The charity sector needs to “return the values that differentiate” it from the public and private sectors, Paul Streets, chief executive if the Lloyds Bank Foundation for England and Wales, said last night.
Streets was giving the Directory of Social Change’s annual lecture last night, and said that larger charities needed to stop squeezing out smaller ones if they want the public to trust them.
“If the last couple of years has taught us anything at all as a sector it is that we need to return to the values and ethos that differentiate us from the public and private sectors,” he said. “That means not aping their top down market driven approaches.”
He added that: “The greatest anguish for many small charities we support comes when they’re on the sharp end of competitive practices from large charities.”
Streets called for better relationships between small and larger charities.

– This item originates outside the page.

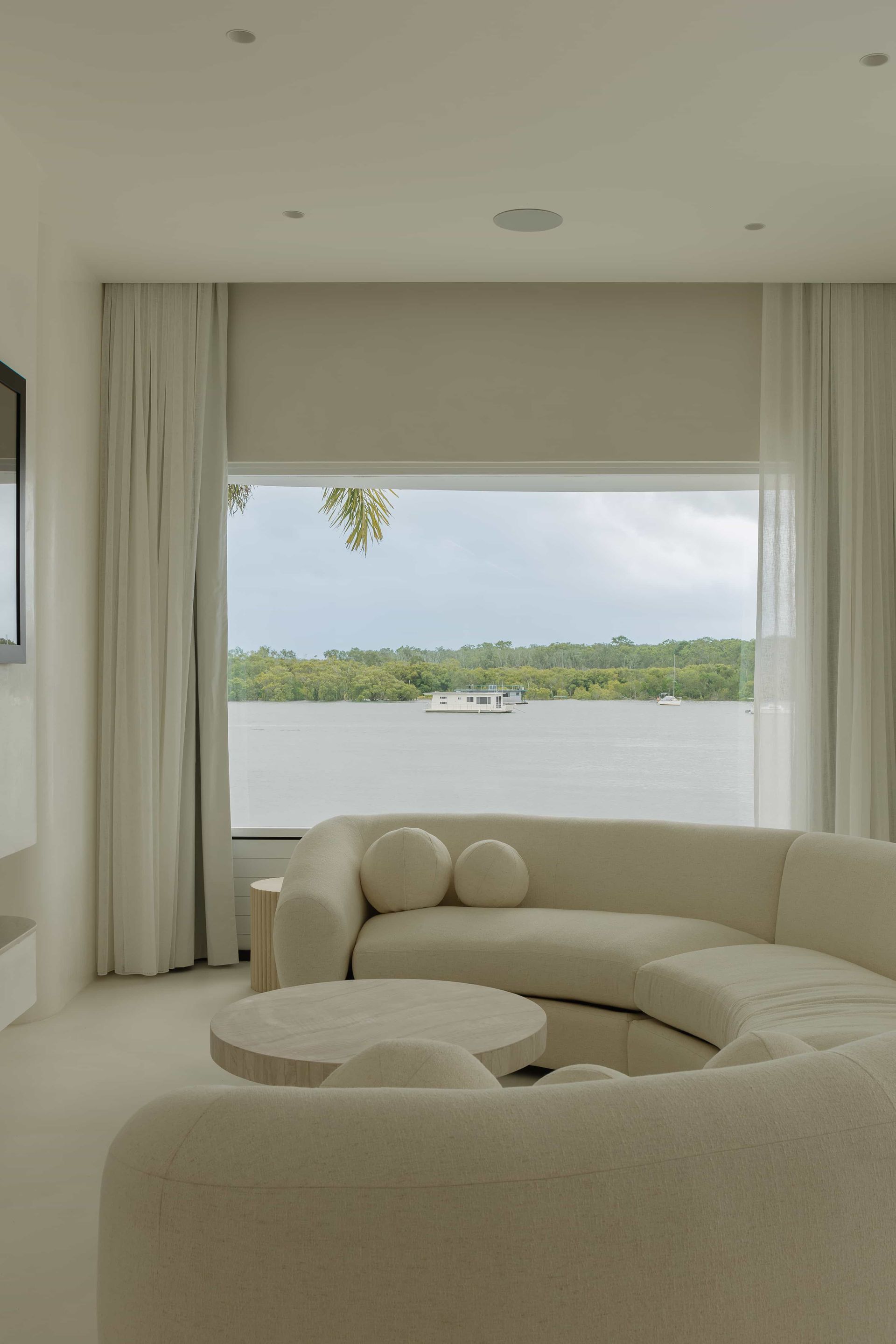 A living room with a white couch and a large window — Architectural Glass Solutions QLD in Cooroy, QLD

He said: “If we in this voluntary sector don’t mirror in our own relationships the value we place on relationships with those we serve, frankly we’ve only got ourselves to blame if a commissioner decides they’d prefer to go to a private provider rather than us, or the public are ever more sceptical about the requests for their money.”
'Social change comes from the bottom up'
Streets said the sector needs to “reconnect with our campaigning routes”.
“Politics and power may matter but real social change is bottom up and it happens to real people,” he said.
He said that it is the way charities listen to people, before designing services, which makes the sector different from the state.
“They start with the person and build a relationship to establish trust only then do they layer on the service,” he said. And that by doing this they “put the person who comes through their door back in control”.
Streets called for commissioners to put more trust in charities.
“That doesn’t mean that you shouldn’t go through due diligence to ensure they’re sound organisations,” he said. But “having done that we should assume they know a hell of a lot better than us how to meet local need”.
Small charities more sustainable
He also said that small charities are actually more sustainable than larger ones.
“They’re here because they responded to a need they saw, not a contract they pitched for,” and this means they are “going to continue doing it any way even if they don’t get a grant or contract because they’re there because they believe they should be.
“Unlike the commercial provider or frankly a national charity who pull out if the contract is lost.”